The Mayor’s budget also recognized that attrition in 2020 is higher than expected and SPD will end the year less than fully staffed. The Council is proposing to claw back savings from those unexpected vacancies and a corresponding reduction in overtime — as well as the hiring authority for the vacant positions (70) so that SPD can’t move money around and refill them.  Also, the Council is looking to direct SPD to conduct out-of-order layoffs for an additional 35 sworn officers, and to move SPD’s external contract for mental health providers to HSD. Finally, the Council wants to trim SPD’s budget for travel, training, and discretionary purchases.

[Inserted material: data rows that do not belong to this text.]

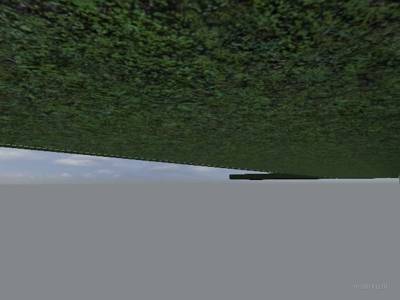 de_libr thumb 43
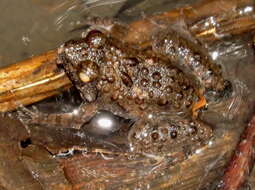 Image of Natal Dwarf Puddle Frog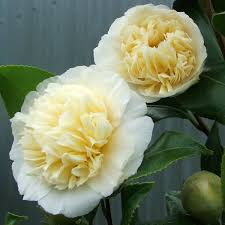 Jury S Yellow Camellia With Images Beautiful Flowers Camellia Romantic Flowers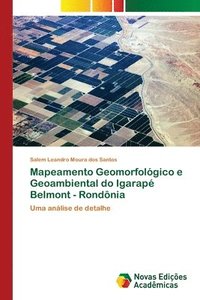 bokomslag Mapeamento Geomorfolgico e Geoambiental do Igarap Belmont - Rondnia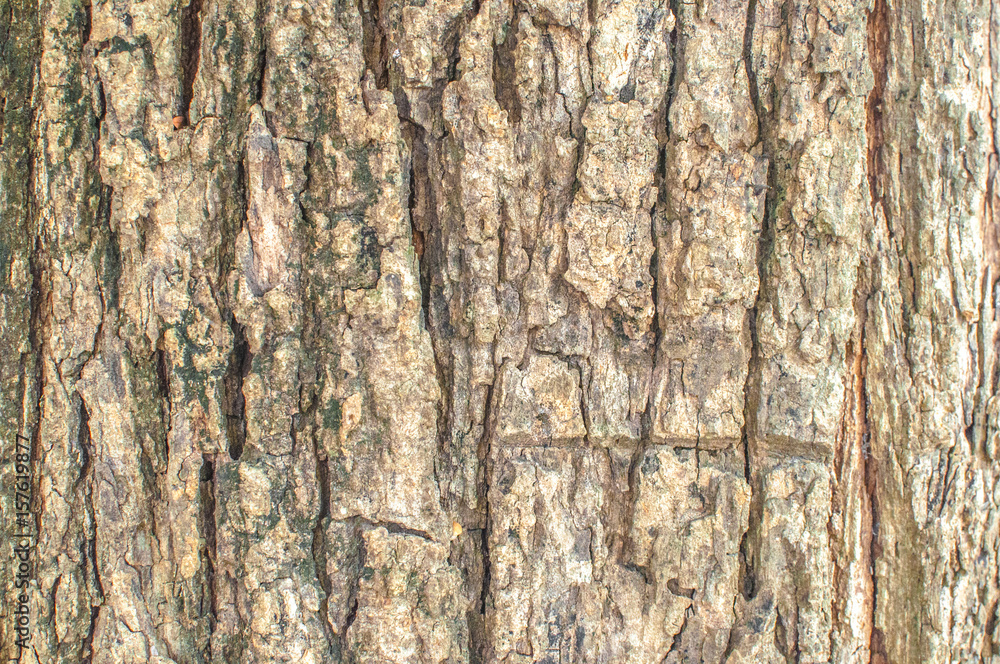 Old natural wooden close up, old wood background, texture of bark wood Old natural wooden close up, old wood background, texture of bark wood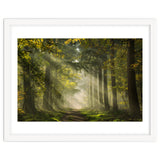 Sunrays in a Dutch forest thumbnail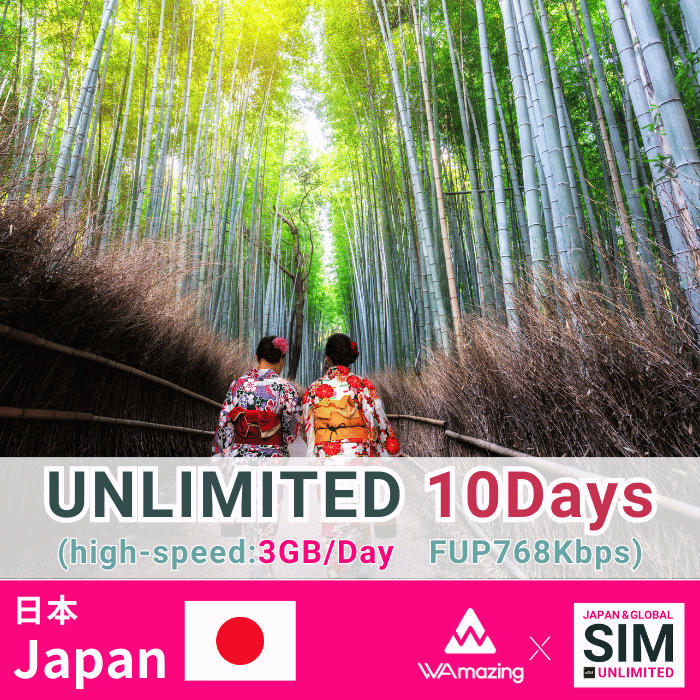 日本 | データ無制限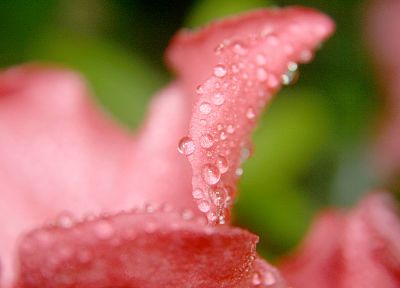 nature, flowers, pink, wet, water drops, flower petals - desktop wallpaper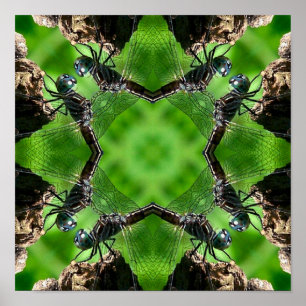 Dragonfly Natuur Mirror Art Poster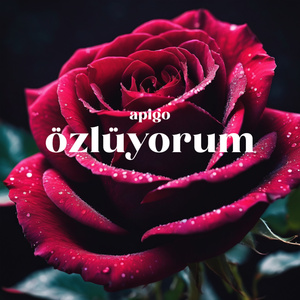 Özlüyorum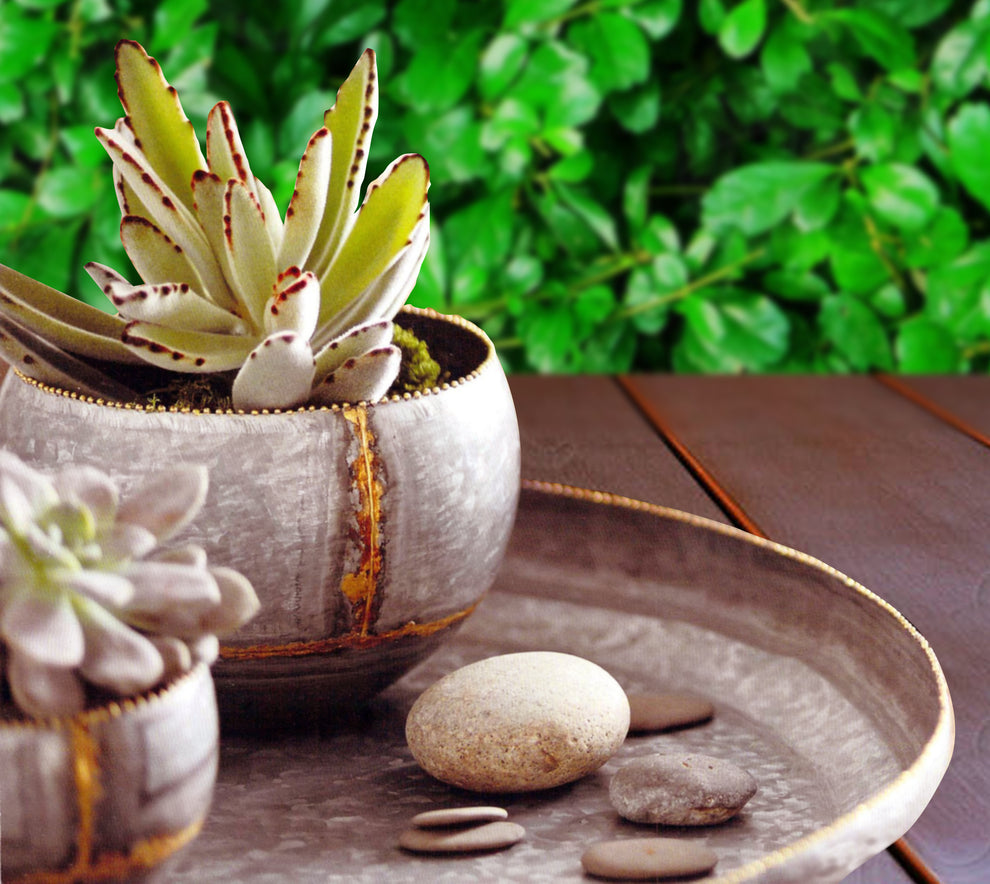 Roost Braza Mini Tall / Wide Planters-8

With all that, here are the top-level numbers:

  • SPD’s adopted 2020 budget (before mid-year rebalancing) was $409.1 million.
  • The Mayor’s proposed 2021 SPD budget is $359.8 million.
  • The Council is considering reducing it by another $21.5 million.
  • That would leave it at $338.2 million, a 17.3% decrease from 2020’s adopted budget.
  • The final approved headcount for SPD (sworn + civilian) would be 1730, a 20.9% cut from the 2020 adopted budget’s 2187.

That’s still a long way from the 50% reduction to SPD’s budget that certain members of the community have demanded. But the various community-led efforts to replace SPD functions with community-based investments are still in their early stages, so this is setting the stage for more SPD cuts and transfers in 2022. Nevertheless, the Council can find plenty to do with $21.5 million in the 2021 budget, as it has a long wish-list of items it wants to fund.

It’s important to emphasize that none of this is final. The Council is just starting to debate the merits of these proposals; some will change, and some may be dropped entirely or kicked down the road until more work can be done on them. I’ll also add a caveat emptor here: the budget is very complex, and neither the Mayor nor the Council are showing all their work, so doing the forensic accounting on this is an exercise in approximation more than precision. It’s nearly guaranteed that I’ll be updating this article with corrections in the days to come.

You can find the full list of the Council’s proposed changes to SPD’s budget in tomorrow’s agenda. The discussion should take up the bulk of the afternoon session, starting at 2pm — though public comment will only be held at the morning session.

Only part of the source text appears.